Appearing on nationwide TV, Benny Gantz said Thursday that being prime minister cannot be a "part-time job" and said Netanyahu should conduct his legal battle as a private citizen. He also called on Netanyahu to stop attacking state institutions, such as police and prosecutors, who have investigated him.
"The state of Israel is worthy of more than this," he said. Gantz, a former military chief, leads a centrist party that is in a close race with Netanyahu's Likud Party. He said his "Blue and White" party would not sit in a coalition with Netanyahu after the election.

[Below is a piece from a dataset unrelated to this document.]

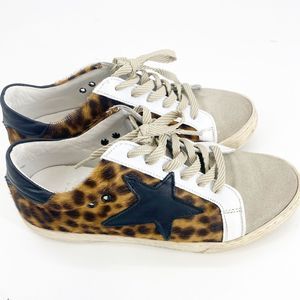 L’idea by Lori Leopard Calf Hair Star Sneakers Sz 36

Israel's prime minister has rejected the latest corruption allegations against him as a politically motivated "witch hunt" meant to defeat him in April elections.
Benjamin Netanyahu went on nationwide television Thursday night, shortly after the attorney general recommended indicting him in a series of corruption cases.
Netanyahu called the timing of the announcement, six weeks ahead of elections, "outrageous" and accused his leftist opponents of carrying out an "unprecedented witch hunt."
"The pressure of the left worked," he said, saying the attorney general's recommendations threatened the country's democracy.
He called the accusations lies and a "blood libel" and said he would debunk all charges against him.
Israel's attorney general says he has decided to indict Prime Minister Benjamin Netanyahu on a series of corruption charges.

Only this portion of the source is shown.